On 2013-05-30 12:11, j s wrote:
On Wed, May 29, 2013 at 11:14 PM, [email protected] wrote:
"j s" wrote:
On 28.05.2013 22:07, Matthew Woehlke wrote:
Is there a built-in way to write a string to a file (a la FILE(WRITE))
that will only write the file if the content would be different? (Or
does FILE(WRITE) already work this way despite no obvious hint in the
documentation that it does?)

You can always use the rsync command, which is available for all
systems, including Windows.

That's probably the worst possible solution... CMake has everything that iy
required to accomplish this built-in, so adding a unnecessary dependency
that is only needed by the build system is a really bad idea...

You are entitled to your opinion, but there are several system
utilities that are available by default on many systems, including
rsync.

Really?
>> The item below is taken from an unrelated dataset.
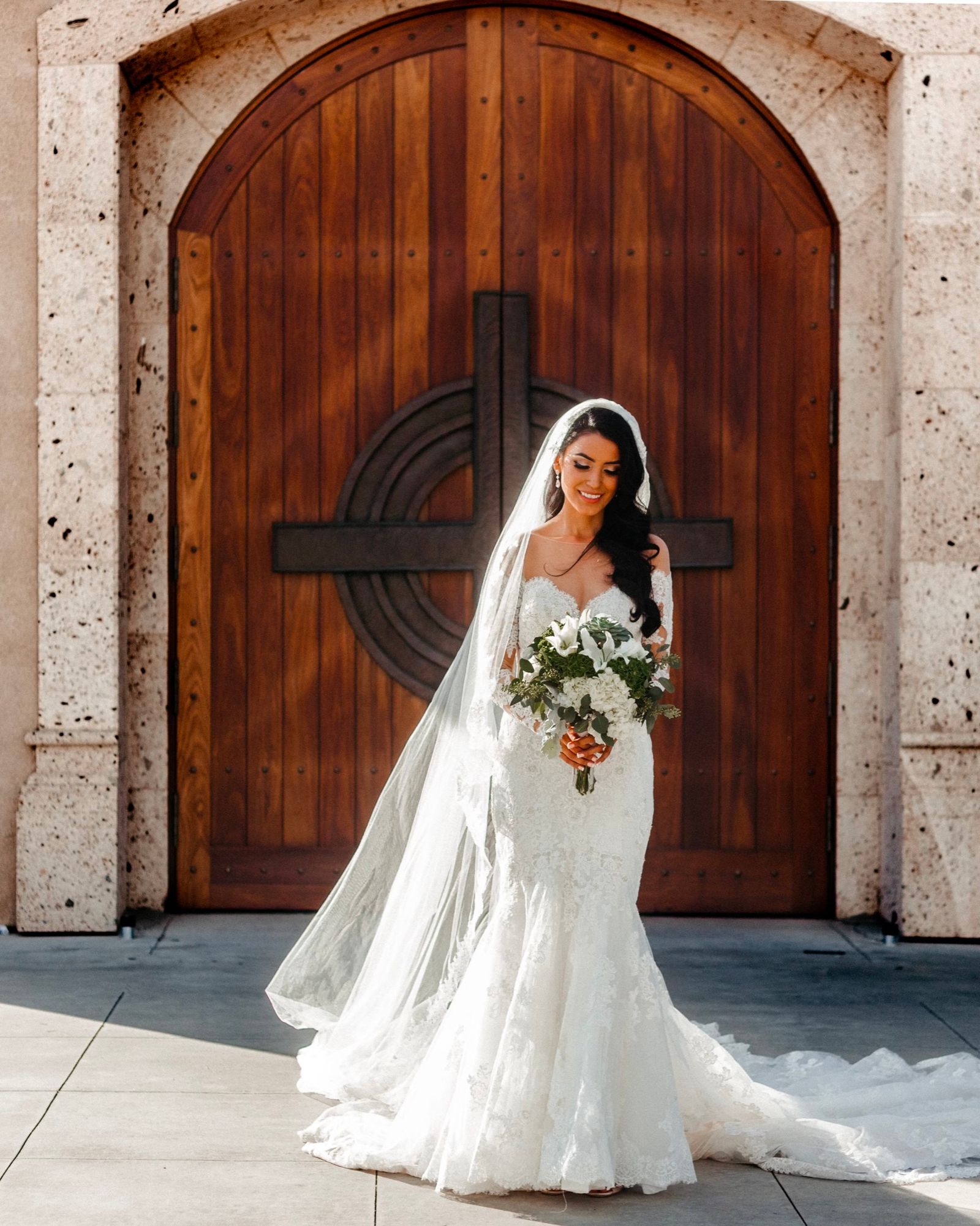 Bride standing in front of a carved wooden door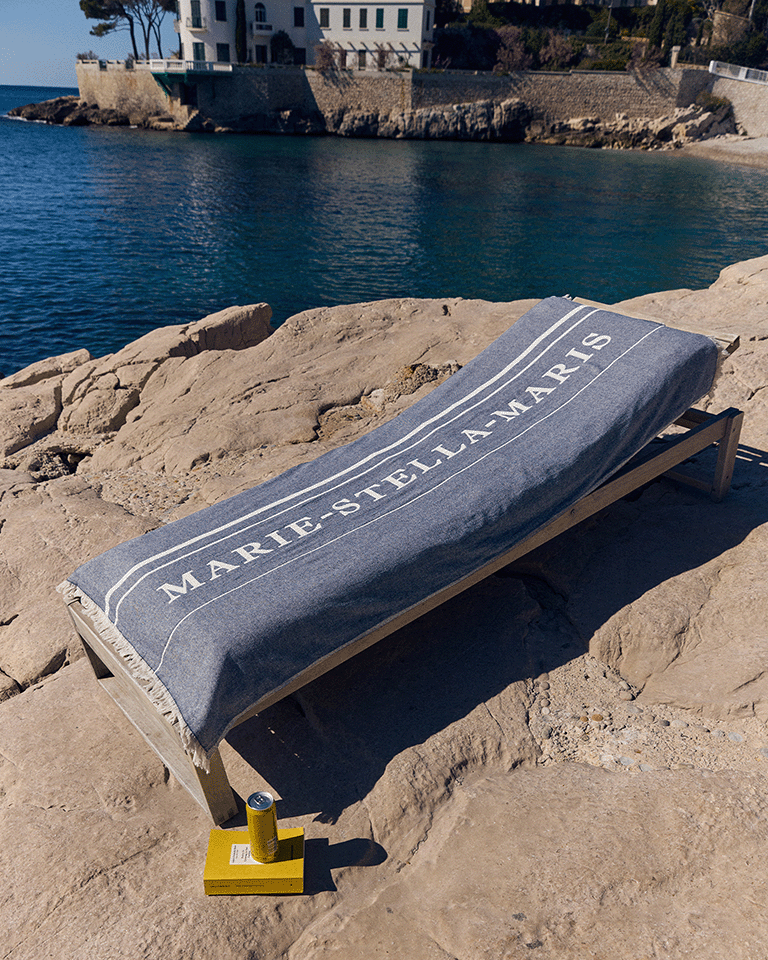 Marie-Stella-Maris towel draped over a sunbed on a rocky shoreline, part of the limited edition gift with purchase collection, with a yellow book and product placed nearby and the sea and coastal buildings in the background.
I have yet to encounter a Windows system that has rsync "by default". (For that matter, even on Linux it is not required, and I wouldn't put a lot of faith in finding it on a 'stock' non-Linux/BSD UNIX platform.)

Besides, using rsync for a single file where cmake -E copy_if_different (or even configure_file as elsewhere mentioned) is clearly overkill. Not to mention that rsync is not guaranteed to be present even on UNIX systems, much less Windows, whereas CMake is already being used.

The way CMake does things is often kludgy and just feels wrong.  I
often write scripts in more effective languages and then run from
within CMake on Windows, Linux, and Mac OS X.  Perl and Python are
often a much better way to go than trying to do everything in CMake.

Sure, and where a) it makes sense and b) I *already require the relevant tools for other reasons*, I do also. But I try to avoid it, because these dependencies are usually NOT present on Windows, especially for end users that want to build from a tarball. (Which is why, when I wrote test discovery for gtest, I did it in pure CMake. It may not be the easiest/cleanest, but I strongly prefer to avoid large external dependencies without much stronger motivation for needing them.)